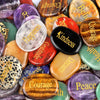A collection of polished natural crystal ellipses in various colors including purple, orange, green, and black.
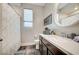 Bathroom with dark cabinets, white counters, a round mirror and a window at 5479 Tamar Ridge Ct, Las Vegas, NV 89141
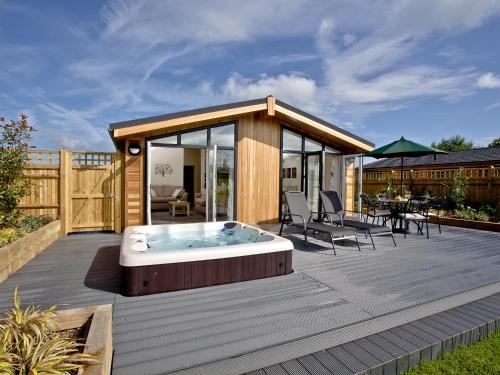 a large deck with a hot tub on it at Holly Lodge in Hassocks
--
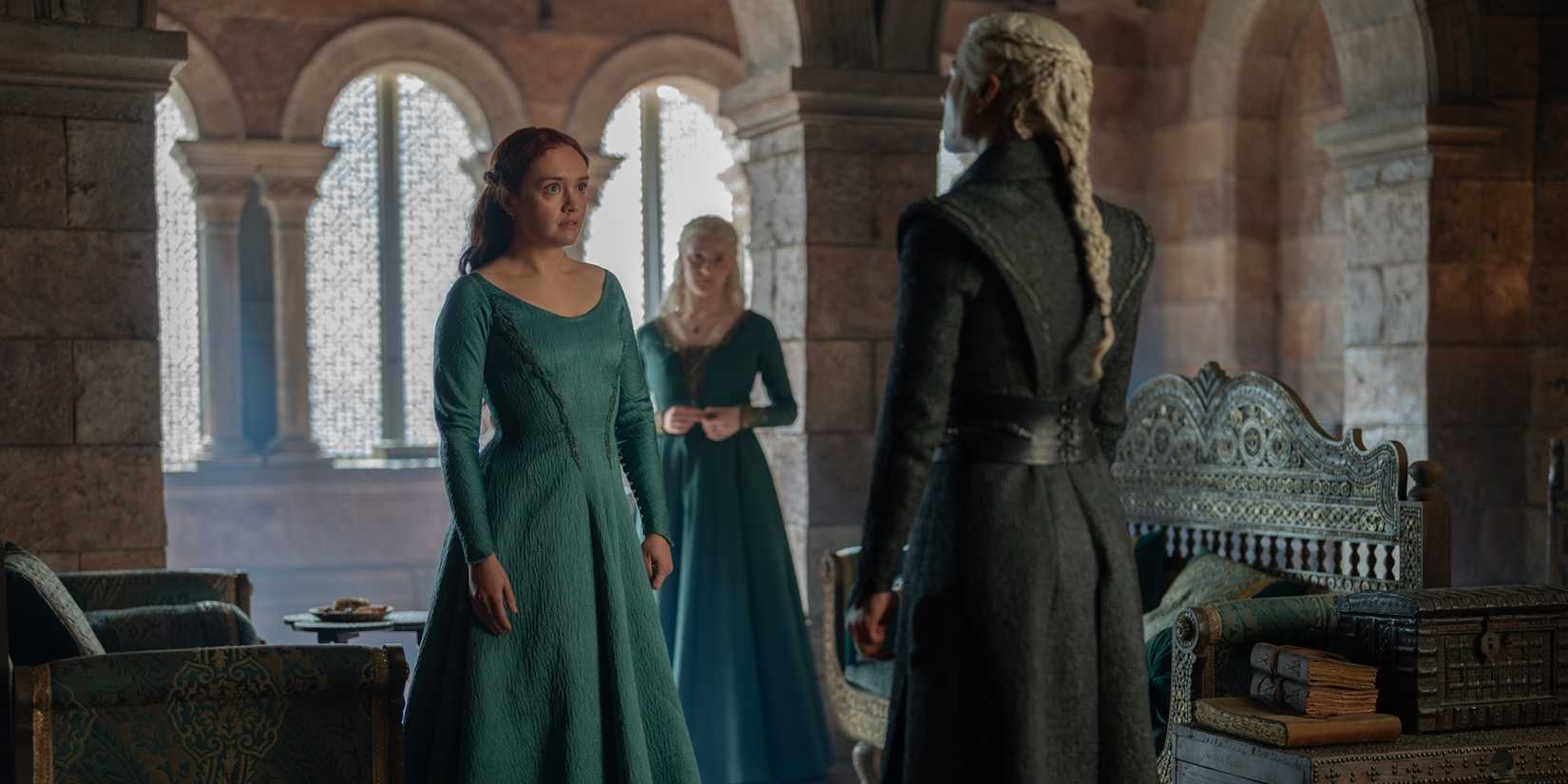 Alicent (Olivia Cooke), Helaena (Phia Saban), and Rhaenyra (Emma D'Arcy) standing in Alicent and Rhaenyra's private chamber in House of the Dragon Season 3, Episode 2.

• _Exercise objective_: Using the entries above, write out exactly the lines from the one with "A collection of" through the one with "a large deck", ends included. Leave out any pictures.

• _Reply_:
A collection of polished natural crystal ellipses in various colors including purple, orange, green, and black.
 Bathroom with dark cabinets, white counters, a round mirror and a window at 5479 Tamar Ridge Ct, Las Vegas, NV 89141
 a large deck with a hot tub on it at Holly Lodge in Hassocks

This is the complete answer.